Interestingly, on the same day that Ramelius Resources canceled plans to expand its gold mine in Washington state, citing rising operating and capital costs, New Century Resources announced the pre-feasibility of reviving the veteran mount. was talking about Lyell copper and gold mines in northwest Tasmania.
Due to high costs over the past two years, Lamelius Resources (ASX: RMS) Phase 3 expansion of the Edna May gold mine in Washington is postponed.
Ramelius said the company expects higher operating and capital costs to outweigh the recent rise in gold prices, bringing the project’s bottom line to levels below Ramelius’ internal hurdles.
The news was welcomed by the market, with Lamelius shares falling 0.9% to $1.075.
Prices for mining contractors have risen “significantly” since the completion of the project’s scoping study in January 2021, according to Ramelius’ statement to the ASX on Monday, with higher estimated operating costs leading to cutoffs. The grade has increased and the overall pit has become smaller. .
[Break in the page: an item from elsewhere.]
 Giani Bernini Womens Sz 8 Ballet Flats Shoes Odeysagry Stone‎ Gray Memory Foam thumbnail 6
A pre-feasibility study of the company’s project estimated a total maintenance cost of A$1,977 per ounce, a 28% increase from the scoping study’s estimate of US$1,540 per ounce.
The price of gold rose 13% to A$2,600 per ounce from the base price in the scoping study of A$2,300 per ounce, but the company said it was still outpaced by higher operating and capital costs. I said that there is.
CEO Mark Zeptner told investors that the company will continue to focus on providing cash flow from its current operations.
“Lamelius has many development options elsewhere in its portfolio and will instead consider deploying capital in those directions for better financial returns at a later date.”
The board has decided to put the project on hold, but the environmental permit will allow for a quick restart in a low-cost/high-gold-price environment in the future.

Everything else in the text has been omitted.